Repeat the data that follows, word for word, without the images.

Dataset excerpts Block Start

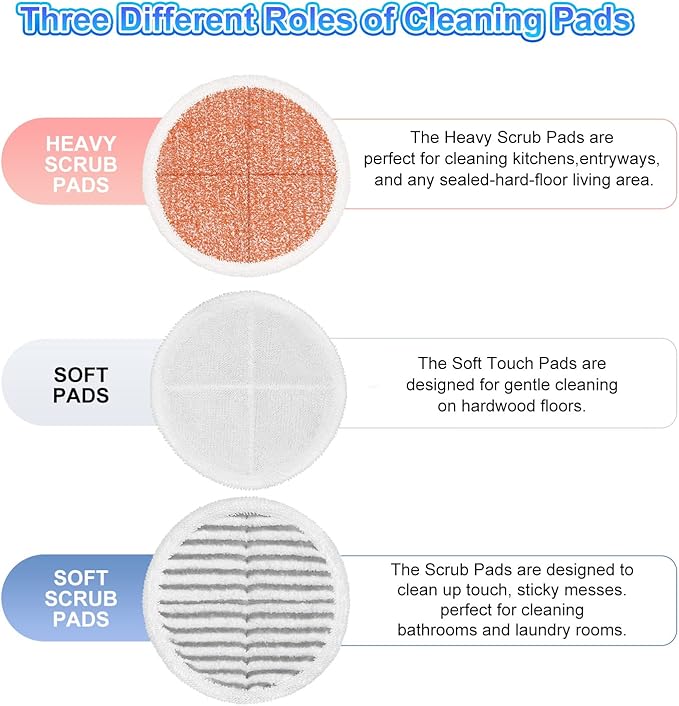 6 Pack Mop Pads Replacement Compatible with Bissell Spinwave Mops 2124 2039 2037 2039A Series Steam Mop Pads for Bissell Spinwave Hard Floor Cleaning Kits 2 Soft Pads, 2 Scrubby and 2 Heavy Scrub Pads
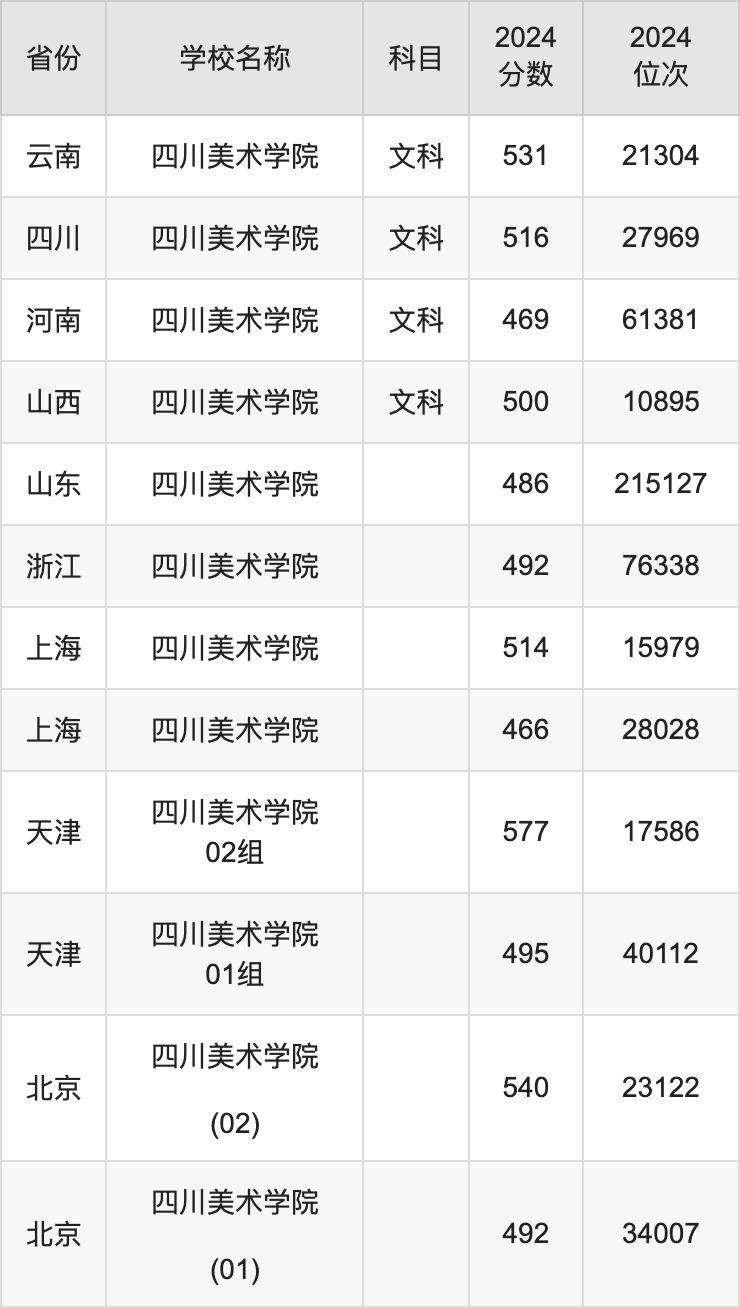 2024四川美术学院录取分数线汇总 全国各省最低多少分能上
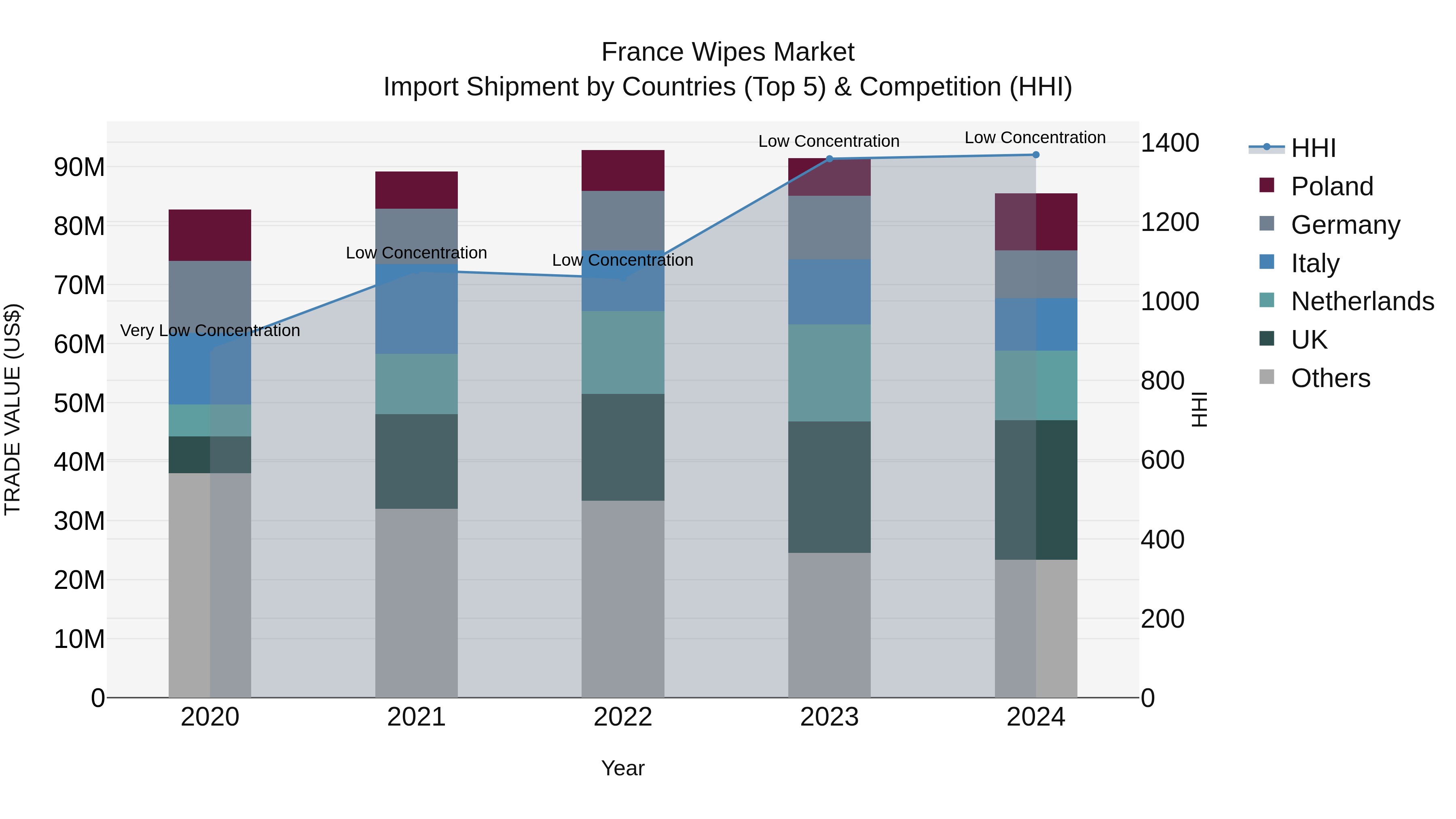 France Wipes Market Top 5 Importing Countries and Market Competition (HHI) Analysis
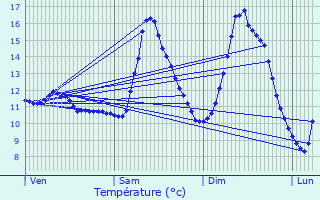 Graphique des tempratures prvues pour Clervaux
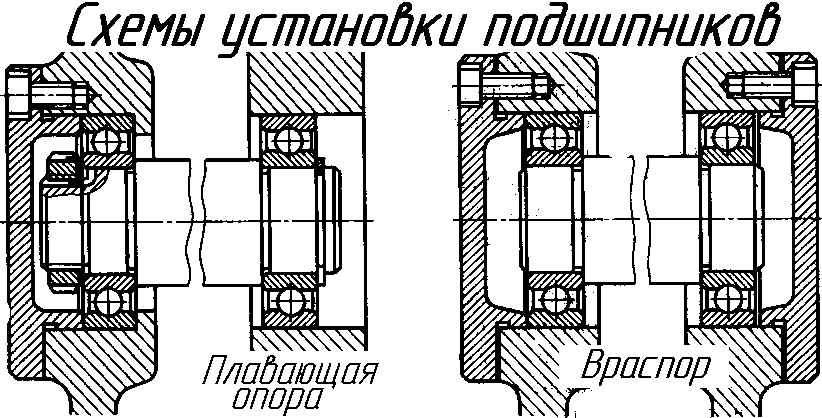 Изображенная на рисунке конструкция с фиксирующей и плавающей опорами вала рекомендуется для валов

Dataset excerpts Block End

**Result below**
 6 Pack Mop Pads Replacement Compatible with Bissell Spinwave Mops 2124 2039 2037 2039A Series Steam Mop Pads for Bissell Spinwave Hard Floor Cleaning Kits 2 Soft Pads, 2 Scrubby and 2 Heavy Scrub Pads
 2024四川美术学院录取分数线汇总 全国各省最低多少分能上
 France Wipes Market Top 5 Importing Countries and Market Competition (HHI) Analysis
 Graphique des tempratures prvues pour Clervaux
 Изображенная на рисунке конструкция с фиксирующей и плавающей опорами вала рекомендуется для валов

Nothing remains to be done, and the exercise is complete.